Collected data:

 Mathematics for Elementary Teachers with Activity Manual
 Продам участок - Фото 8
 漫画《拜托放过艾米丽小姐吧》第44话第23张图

Exercise goal:
Would you retype the whole listing, exactly as it reads?

Problem solution:
 Mathematics for Elementary Teachers with Activity Manual
 Продам участок - Фото 8
 漫画《拜托放过艾米丽小姐吧》第44话第23张图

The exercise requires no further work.